__SUPPLIED INFORMATION__:
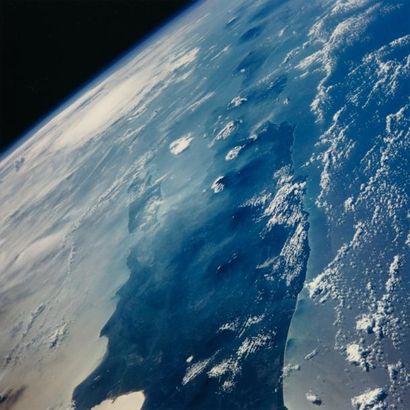null NASA. Splendide vue du globe terrestre depuis l'Espace et la navette spatiale...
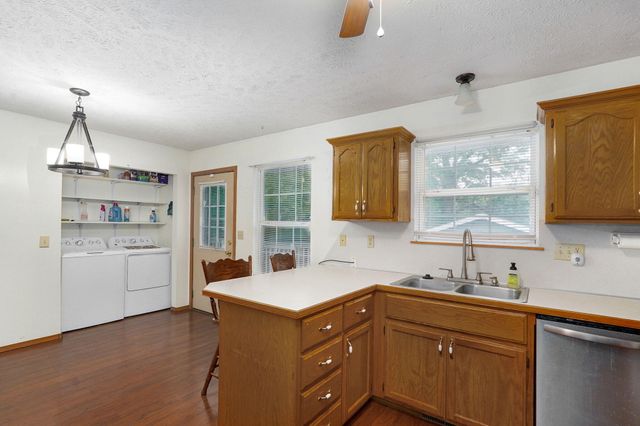 2122 N Nettleton Avenue, Springfield, MO 65803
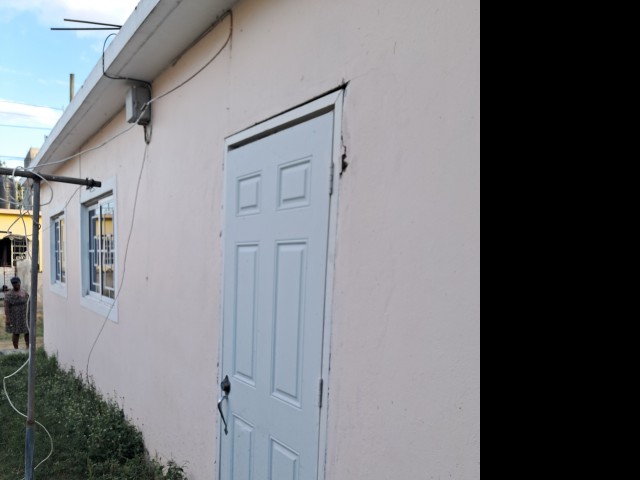 House For Sale in Christian Gardens, St. Catherine Jamaica | [5]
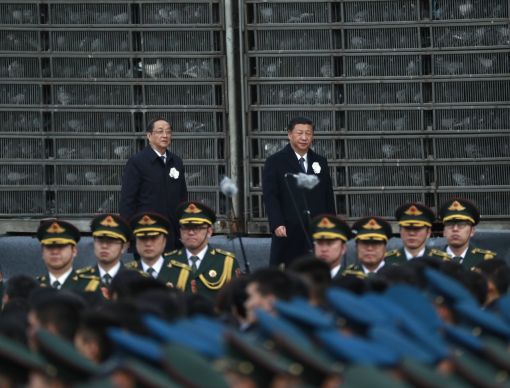 [이미지출처=EPA연합뉴스] 시진핑 중국 국가 주석(오른쪽)이 난징 대학살 80주년 추모식에 입장하고 있다.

__TASK DESCRIPTION__: Would you restate, word for word, the lines from the one holding "2122 N Nettleton" through the end of the material above? Omit the pictures.

__THE COMPLETED TASK__:
 2122 N Nettleton Avenue, Springfield, MO 65803
 House For Sale in Christian Gardens, St. Catherine Jamaica | [5]
 [이미지출처=EPA연합뉴스] 시진핑 중국 국가 주석(오른쪽)이 난징 대학살 80주년 추모식에 입장하고 있다.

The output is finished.